NEW YORK (S&P Global Ratings) April 10, 2019--S&P Global Ratings today affirmed its 'B+' issue-level rating and '2' recovery rating on UFC Holdings LLC's first-lien debt after the company announced plans to upsize its first-lien term loan due 2023 by $435 million to $1.877 billion outstanding and increase its revolving credit facility's capacity to $162.75 million from $150 million. The company will also seek to extend the revolver's maturity to 2022 from 2021 as part of the proposed transaction. The '2' recovery rating remains unchanged, indicating our expectation for substantial recovery (70%-90%; rounded estimate: 70%) of principal in the event of a payment default.

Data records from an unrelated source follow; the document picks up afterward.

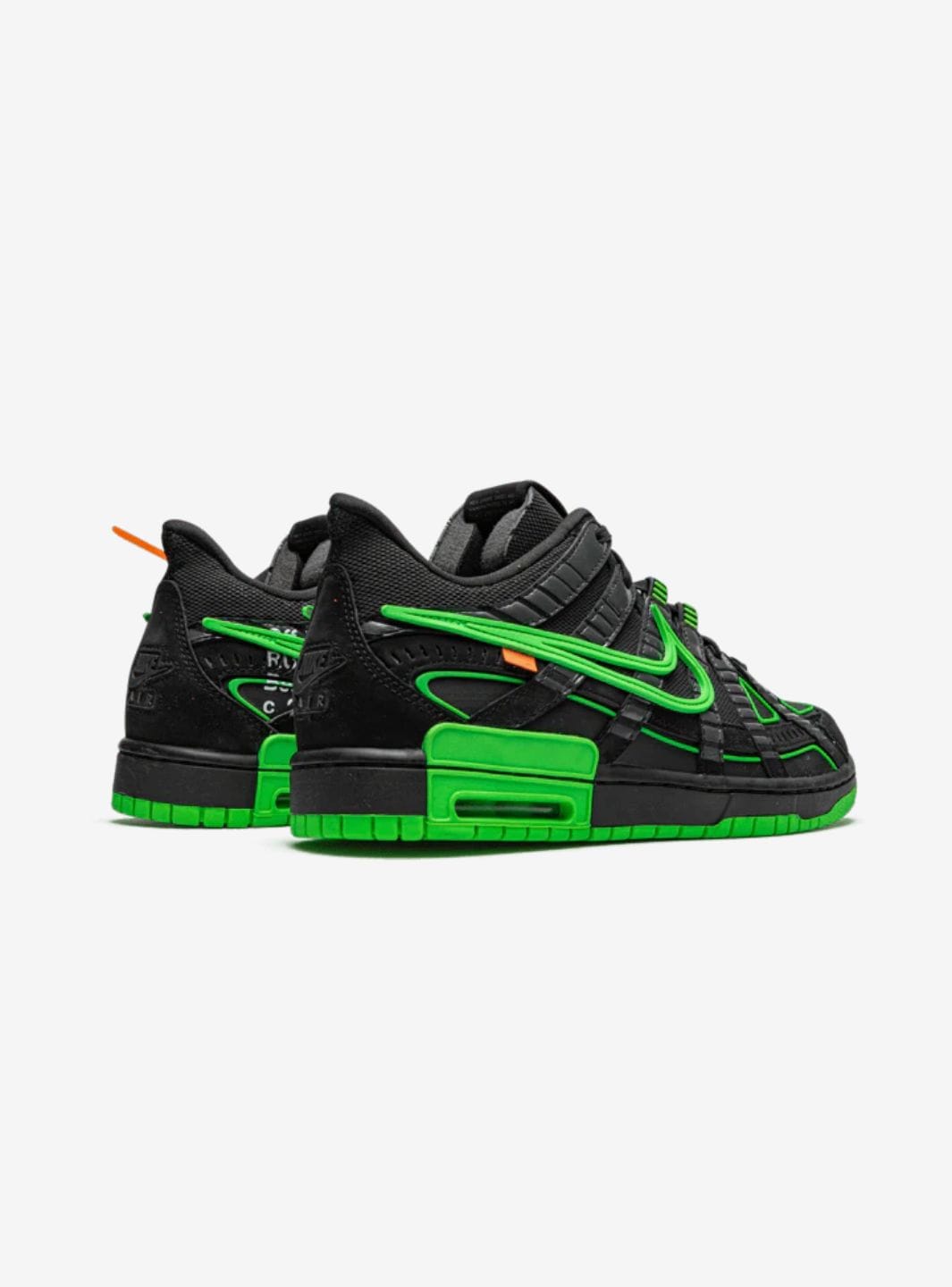 Nike Air Rubber Dunk Off - White Green Strike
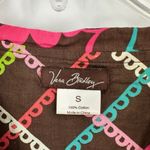 Vera Bradley Brown Floral Cotton Long Sleeve Pocket Button-Up Shirt Size Small Photo 6
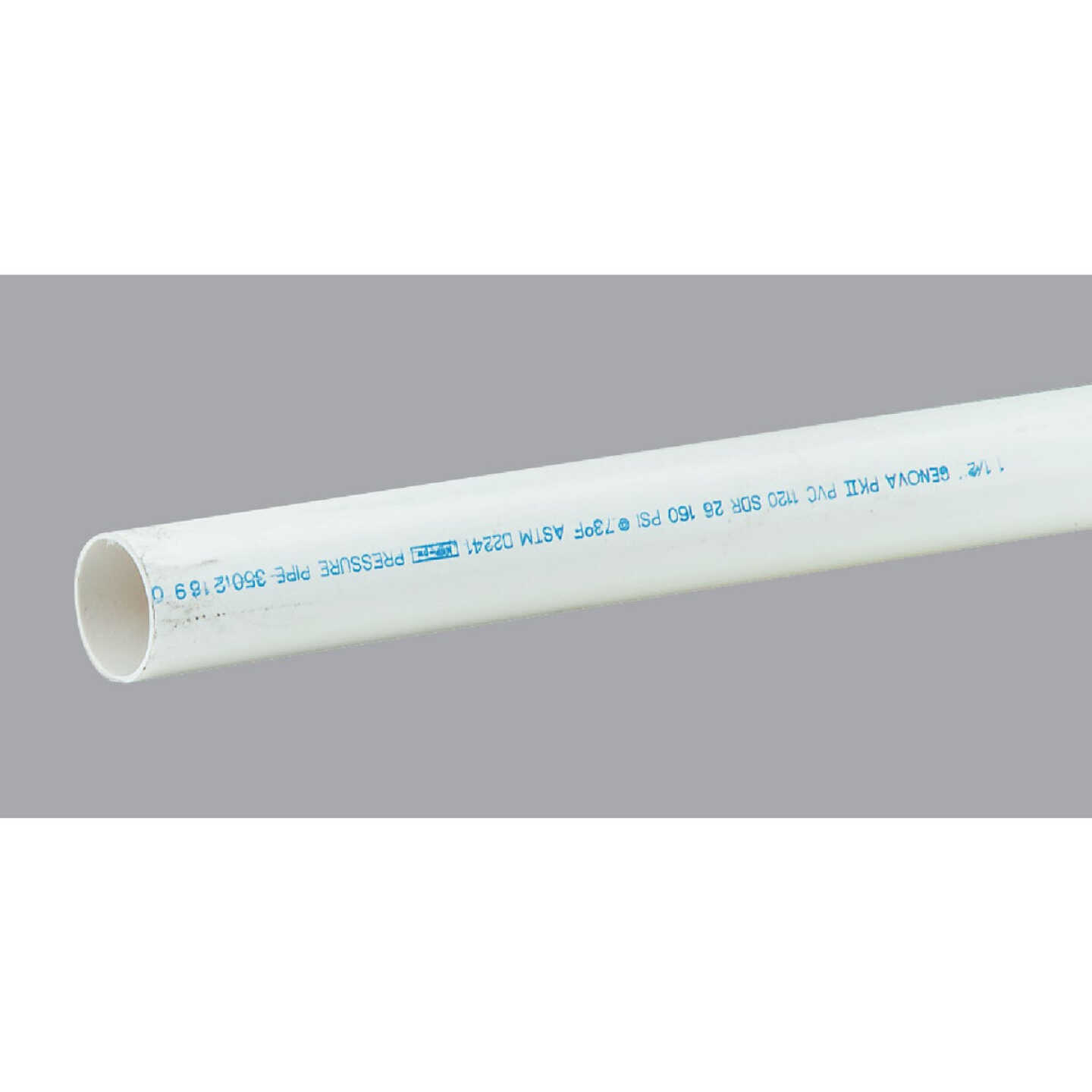 Charlotte 1-1/2 In. x 10 Ft. Cold Water PVC Pressure Pipe, SDR 26 Image 1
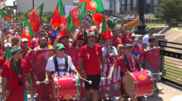 <![CDATA[ Milhares de adeptos de Portugal e Espanha enchem as ruas do Texas antes de duelo das seleções no Mundial ]]>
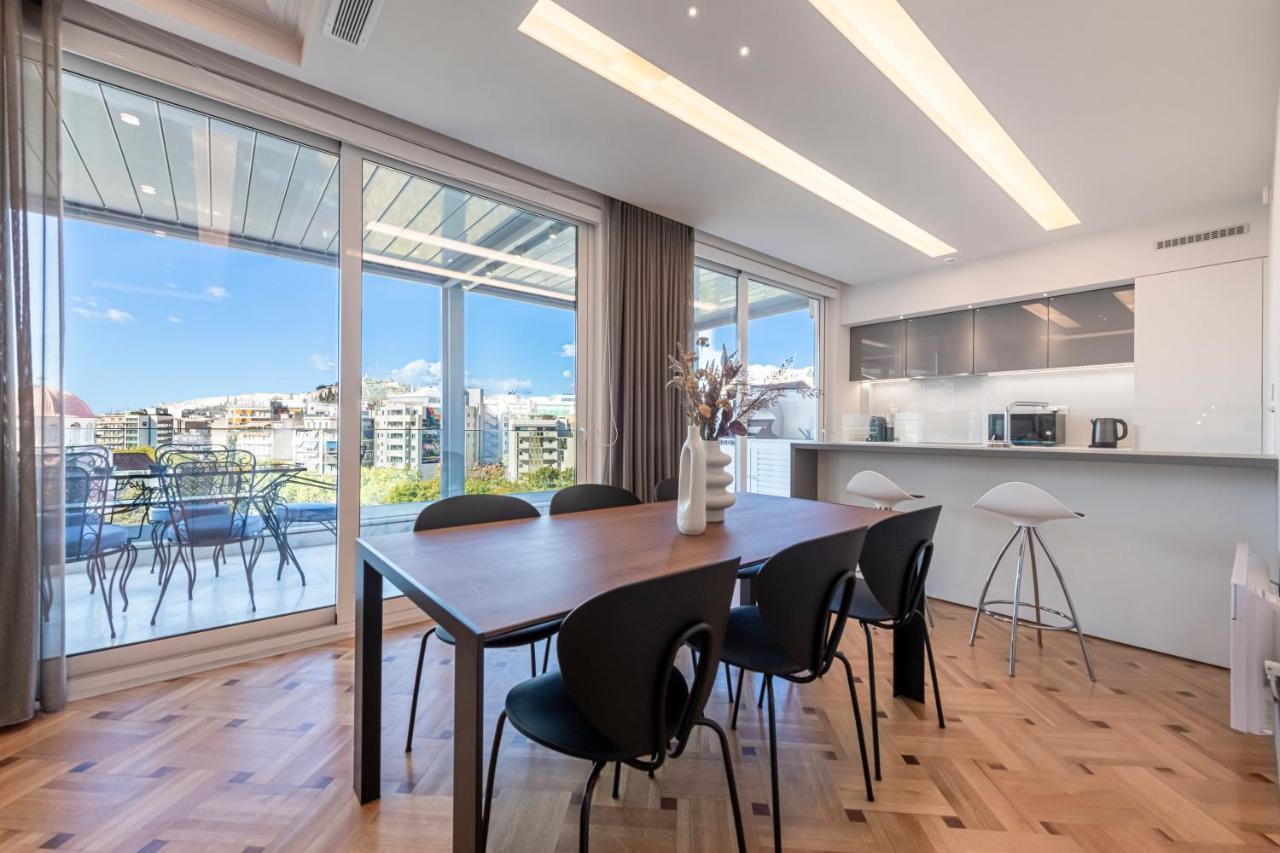 Phaedrus Living City Center Luxury Flat Neos Kosmos Athen Exterior foto
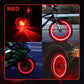LED Ventiellichten voor Auto & Fiets | Waterdicht | Automatisch Knipperend bij Beweging | Verhoogt Veiligheid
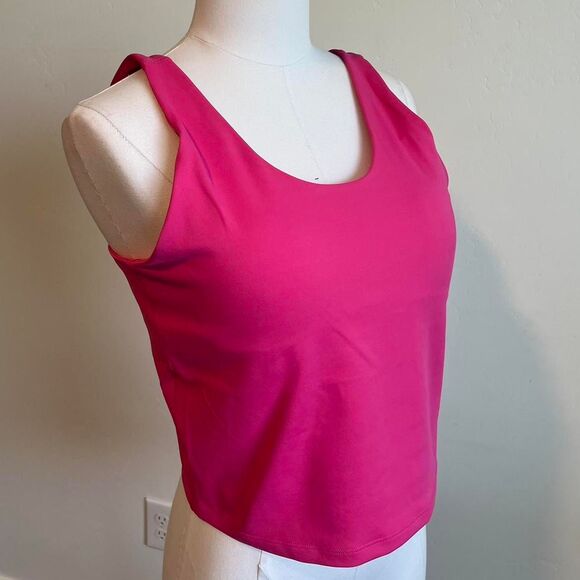 NWT Hot pink Isabella active wear tank top. Size large. - Picture 1 of 6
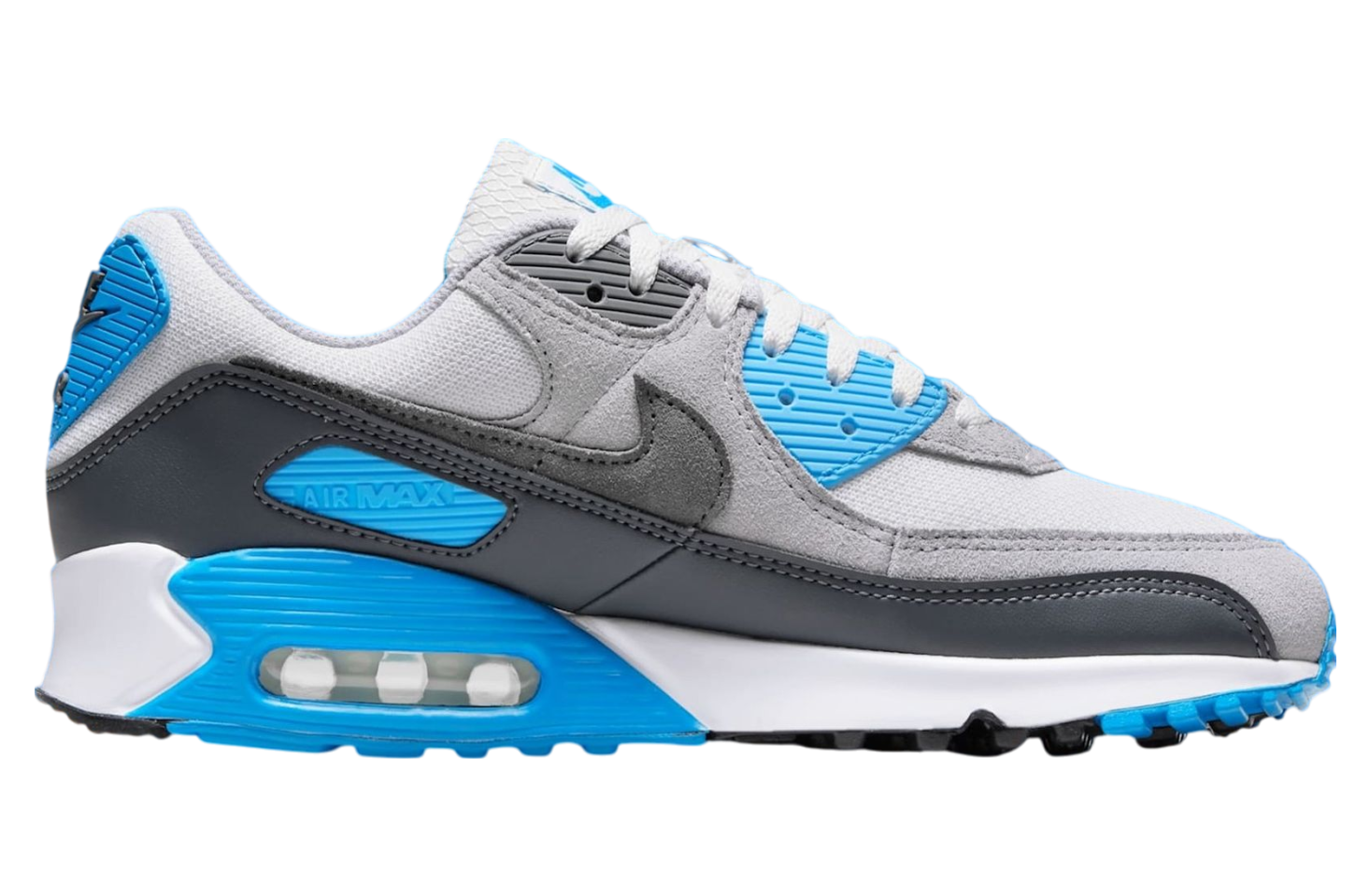 Nikes Air Max 90 Platinum Tint / Blue Lightning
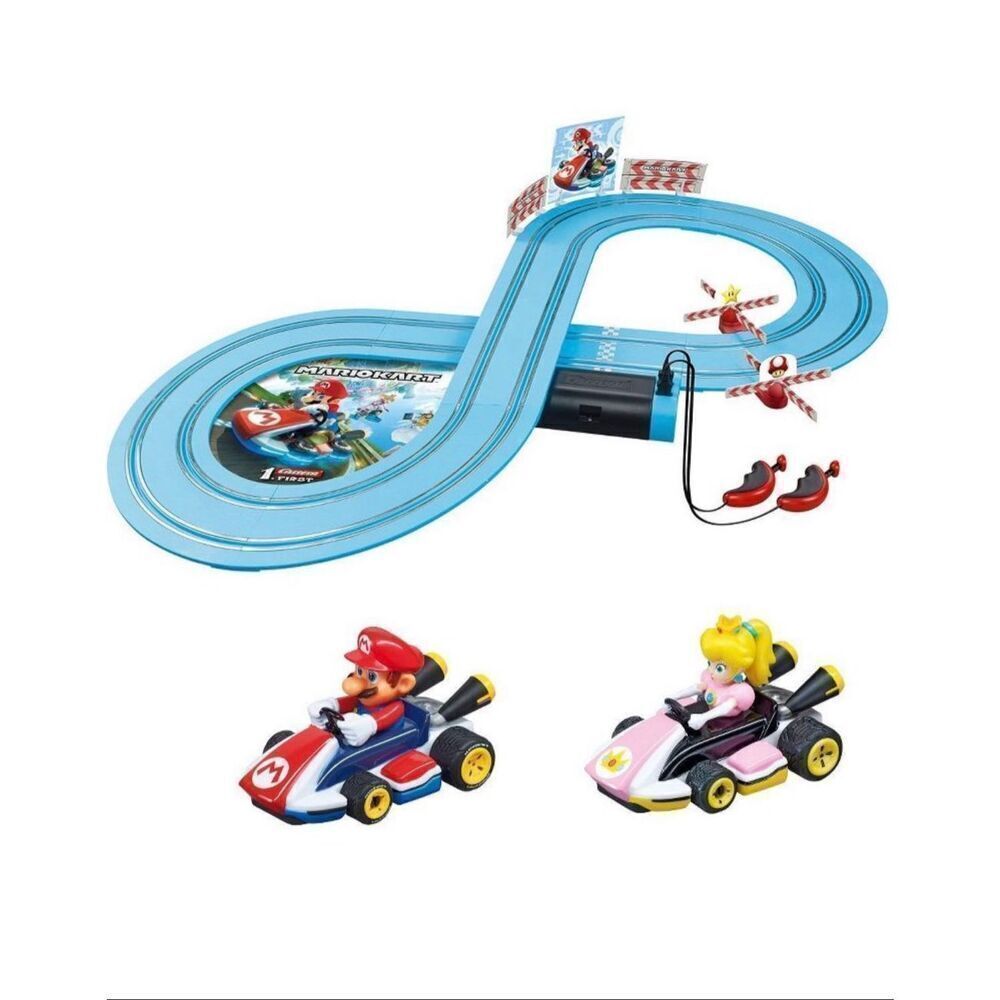 Carter’s First Nintendo Mario Brothers kart racing track set Peach figurine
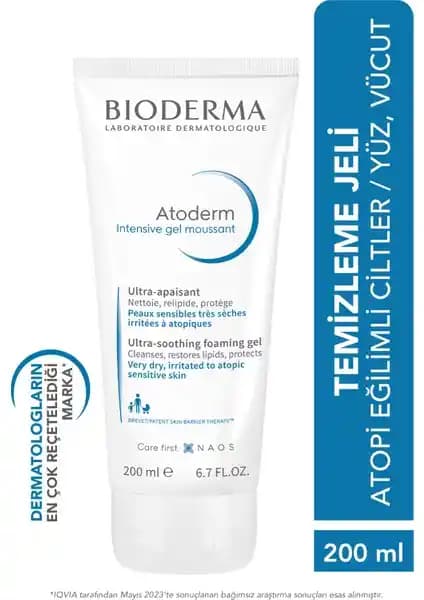 Bioderma Atoderm Intensive Foaming Gel: Kuru ve Atopik Ciltler İçin Temizlik Çözümü
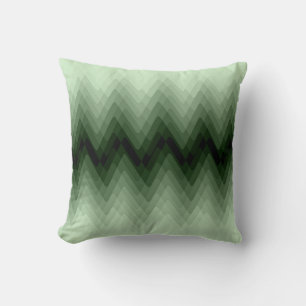 Donkergroen en mint zigzag. kussen
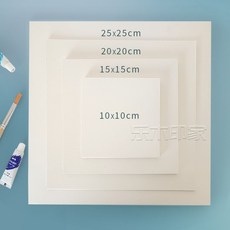 美術用品專業水彩紙中粗紋加厚正方形10x10水彩小卡片15x15方形水彩紙素描本 美樹本 圖畵本 畵畵本 速寫本－, 1個, 300g【10 厘米】20張/1包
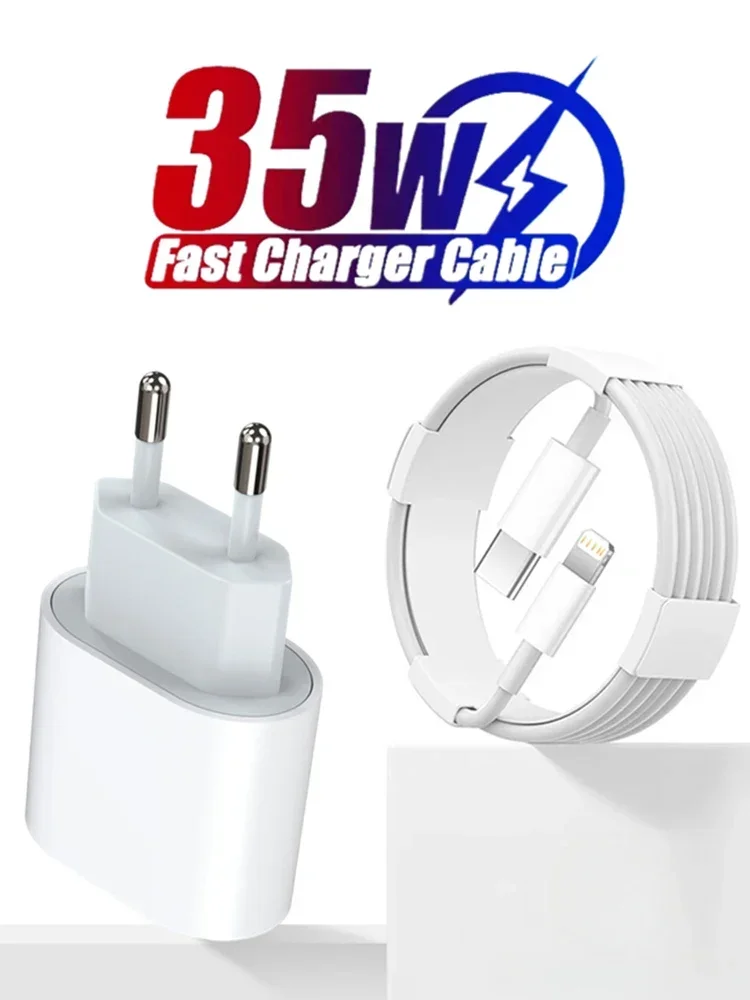 35w PD snellader voor iPhone 13 Pro 14 Plus 11 12 mini XS Max XR X iPad Air snellaadkabel USB-C voedingsadapter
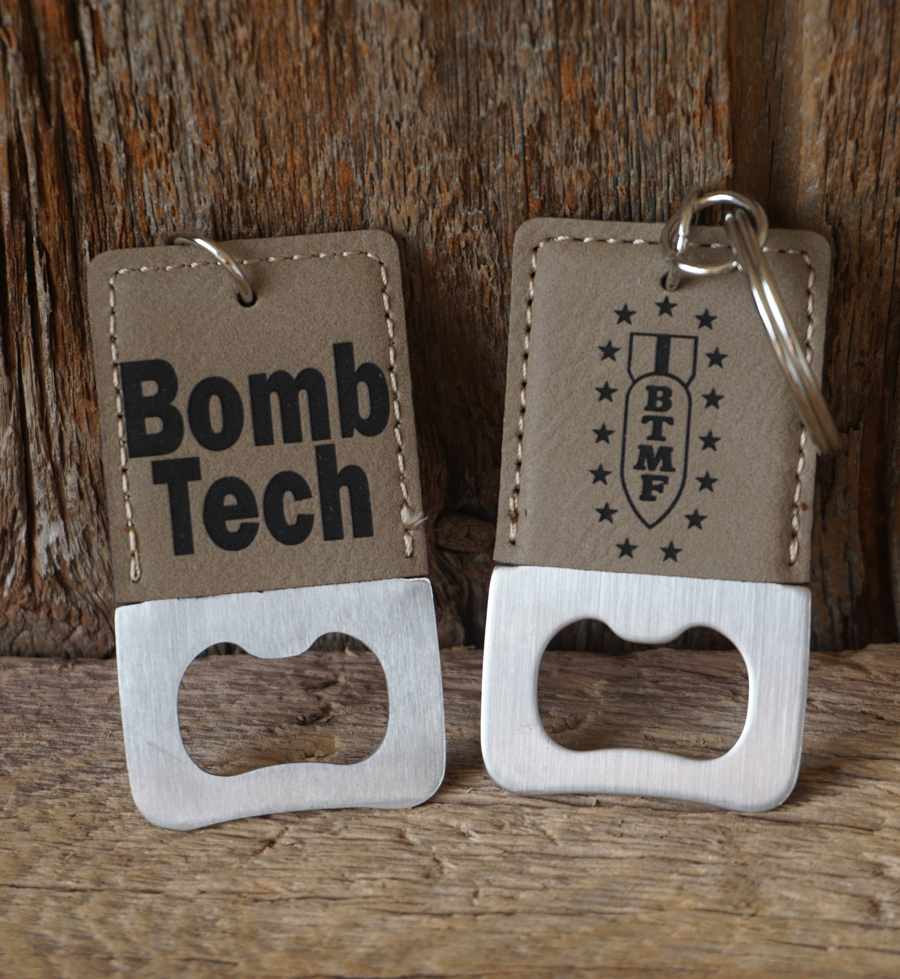 BTMF Rectangular Bottle Opener Keyring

UFC plans to use the proceeds from the incremental first-lien term loan to fully repay its $425 million second-lien term loan and pay associated transaction fees.
We affirmed our issue-level rating on UFC's first-lien debt despite the increase in its first-lien debt balance because we raised our emergence valuation for the company to reflect its augmented domestic media rights agreement between the company and ESPN, which was announced in March 2019. Under the agreement, UFC will exclusively distribute its pay-per-view (PPV) bouts in the U.S. through ESPN+ in return for fixed media rights fees. This is in addition to the company's non-PPV bouts, which it already distributes through ESPN. UFC and ESPN also extended the duration of the distribution agreement they reached in May 2018 (which covered only non-PPV bouts) to seven years from five years. UFC estimates that about 70% of its total 2019 pro forma revenue will be contractually fixed, which compares with less than 40% previously. This will mitigate the company's business risks by replacing the volatile revenue from its event-driven PPV business model with a fixed-fee revenue stream. The longer, seven-year duration of the distribution agreement also enables UFC to plan its next steps over a longer time horizon while focusing on securing international media rights fees and generating sponsorship dollars. We believe the new agreement with ESPN likely reflects the growing acceptance and maturity of mixed martial arts as a sport.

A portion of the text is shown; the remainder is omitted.